We aimed to identify distinct axes of obesity using advanced magnetic resonance imaging (MRI)-derived phenotypes. We used 24 MRI-derived fat distribution and muscle volume measures (UK Biobank; N = 33,122) to construct obesity axes through principal component analysis. Genome-wide association studies were performed for each axis to uncover genetic factors, followed by pathway enrichment, genetic correlation, and Mendelian randomization analyses to investigate disease associations. Four primary obesity axes were identified: 1) general obesity, reflecting higher fat accumulation in all regions (visceral, subcutaneous, and ectopic fat); 2) muscle dominant, indicating greater muscle volume; 3) peripheral fat, associated with higher subcutaneous fat in abdominal and thigh regions; and 4) lower-body fat, characterized by increased lower-body subcutaneous fat and reduced ectopic fat. Each axis was associated with distinct genetic loci and pathways. For instance, the lower-body fat axis was associated with RSPO3 and COBLL1, which are emerging as promising candidates for therapeutic targeting. Disease risks varied across axes; the general obesity axis was correlated with higher risks of metabolic and cardiovascular diseases, whereas the lower-body fat axis seemed to protect against type 2 diabetes and cardiovascular disease. This study highlights the heterogeneity of obesity through the identification of obesity axes and emphasizes the potential to extend beyond BMI in defining and treating obesity for obesity-related disease management.

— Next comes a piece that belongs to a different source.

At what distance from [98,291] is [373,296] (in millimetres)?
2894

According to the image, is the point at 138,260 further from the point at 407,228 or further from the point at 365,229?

This study aimed to address potential limitations of BMI by exploring the heterogeneity of obesity using magnetic resonance imaging-derived fat distribution and muscle volume measures. We sought to identify distinct obesity axes and investigate their genetic, metabolic, and disease associations. Four obesity axes were identified (general obesity, muscle dominant, peripheral fat, and lower-body fat), each linked to unique genetic loci, metabolic traits, and disease risks. These findings emphasize the potential to extend beyond BMI in defining and managing obesity, offering a more nuanced framework for understanding and treating obesity-related diseases.
我们旨在利用先进的磁共振成像(MRI)衍生表型来识别肥胖的不同轴。我们使用了24种MRI衍生的脂肪分布和肌肉体积测量指标(英国生物银行;N = 33122),通过主成分分析构建肥胖轴。对每个轴进行全基因组关联研究以揭示遗传因素,随后进行通路富集、遗传相关性和孟德尔随机化分析以研究疾病关联。确定了四个主要的肥胖轴:1)全身肥胖,反映所有区域(内脏、皮下和异位脂肪)中更高的脂肪堆积;2)肌肉主导型,表明更大的肌肉体积;3)外周脂肪,与腹部和大腿区域更高的皮下脂肪相关;4)下半身脂肪,其特征是下半身皮下脂肪增加和异位脂肪减少。每个轴都与不同的基因位点和通路相关。例如,下半身脂肪轴与RSPO3和COBLL1相关,它们正成为有前景的治疗靶点候选基因。疾病风险在各轴之间有所不同;全身肥胖轴与代谢和心血管疾病的较高风险相关,而下半身脂肪轴似乎对2型糖尿病和心血管疾病有保护作用。这项研究通过识别肥胖轴突出了肥胖的异质性,并强调了在定义和治疗肥胖以管理肥胖相关疾病方面超越体重指数(BMI)的潜力。
本研究旨在通过使用磁共振成像衍生的脂肪分布和肌肉体积测量指标探索肥胖的异质性,以解决BMI的潜在局限性。我们试图识别不同的肥胖轴,并研究它们的遗传、代谢和疾病关联。确定了四个肥胖轴(全身肥胖、肌肉主导型、外周脂肪和下半身脂肪),每个轴都与独特的基因位点、代谢特征和疾病风险相关。这些发现强调了在定义和管理肥胖方面超越BMI 的潜力,为理解和治疗肥胖相关疾病提供了一个更细致入微的框架。